Comparto muchos de sus reclamos, que animan igualmente mi agenda de columna. Como señalar que la timidez de la élite económica es una característica cultural que estorba a toda la sociedad y a la misma élite. O como denunciar la incapacidad demostrada de esa élite para desarrollarse en un mercado libre sin recurrir a la trampa.
A la vez hay precisiones por hacer. No solo para polemizar, sino porque el éxito en el cambio está en los detalles. Y porque el detalle define el alcance de las responsabilidades.
El primer y más obvio reto está en el concepto axial de la nota de Haering: ¿qué es la derecha? Él habla de la persuasión liberal-conservadora. Pero con ello se apropia ya de mucho más que la que en este país de estrecheces se reconoce a sí misma como derecha. Porque el liberalismo lo comparto también yo, que no tengo empacho en admirar el racionalismo europeo y que he pasado casi toda la vida laboral vendiendo servicios en el mercado. Y conservadores —culturales, políticos y quizá hasta económicos— son probablemente muchos de los indígenas que protestan la minería en nombre de la madre tierra.
Otro tanto pasa con su definición de izquierda. A esta endilga no haber «demostrado en las últimas décadas tener la legitimidad, la claridad o la capacidad de movilizar voto y elaborar un discurso ilusionante». Ello correctamente describe a la exigua e incompetente izquierda partidaria, pero desestima algo obvio. Si hablamos de política popular, de progresismo y de afán de cambio, aquí ya hay una izquierda vibrante, organizada y demostradamente capaz de convocar decenas y hasta centenas de miles de seguidores en pie de marcha. Y no me refiero a la izquierda mestiza, de intelectuales y clasemedieros que gustamos de aderezar la pizza con teoría política en coquetos bares del nuevo viejo centro de la ciudad de Guatemala.
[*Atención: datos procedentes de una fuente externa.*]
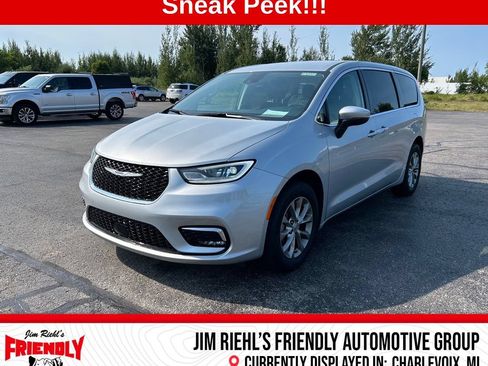 Used 2023 Chrysler Pacifica Touring-L AWD/4WD image 1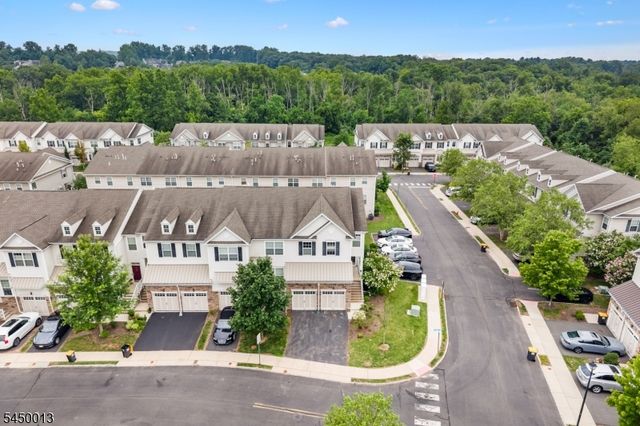33 Cortland Pl, Montgomery Twp., NJ 08558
Aquí izquierda se llama movimiento indígena porque las muy europeas categorías de un viejo Parlamento francés sirven mal para describir las prácticas y prescribir las soluciones. Sin embargo y visto con detenimiento, tienen mucho en común un líder indígena en Huehuetenango con un sindicalista de hueso colorado en el Manchester de 1933: manos ajadas, redes extensas construidas poco a poco, persistencia de hierro, conservadurismo cultural y desconfianza visceral y bien fundada hacia las élites. Si esta gente no gana elecciones no es por poco clara, por incapaz de movilizar seguidores o por faltarle un discurso que ilusione. Si no ganan elecciones es por la resistencia continua, taimada y frecuentemente violenta de la élite, por el racismo de la clase media urbana. Es por la insistencia en sostener un Estado y unas leyes que deslegitiman sus causas. Es porque se criminaliza a sus líderes apenas se atreven a denunciar la injusticia. No digamos ya a reclamar sus propios intereses.
Entonces comparto la preocupación: urge la postura de nuevas opciones. Pero no es un problema de izquierdas y derechas, que supone que nuestro reto es de teoría política y económica en un marco convencional. Aquí no encontraremos una salida en la derecha por liberal-conservadora, como tampoco la encontraremos en la izquierda por sindicalista. Haering ya lo insinúa en su artículo. Tanto que la crítica en las redes sociales lo empantana con el problema de reconciliar conservadurismo con reforma (¿cuánta reforma puede tolerar un conservador sin traicionar los principios seculares y cuánta reforma puede hacer un izquierdista sin traicionar la revolución?).
El reto primario está en otra parte y Haering lo encuentra sin querer cuando señala que «promover reformas es, además de un imperativo estratégico, una obligación moral». Aquí radica el reto para el hijo de la élite, así sea de la derecha tanto como de la izquierda política: que primero hace falta admitir que todas y todos somos dignos, que no hay problema con que pensemos distinto, que destruir al contrincante siempre está mal, que hay soluciones que no nos van a gustar, pero que igual son soluciones, y que no todas las soluciones residen en la élite, esa que nos hizo el mal que somos.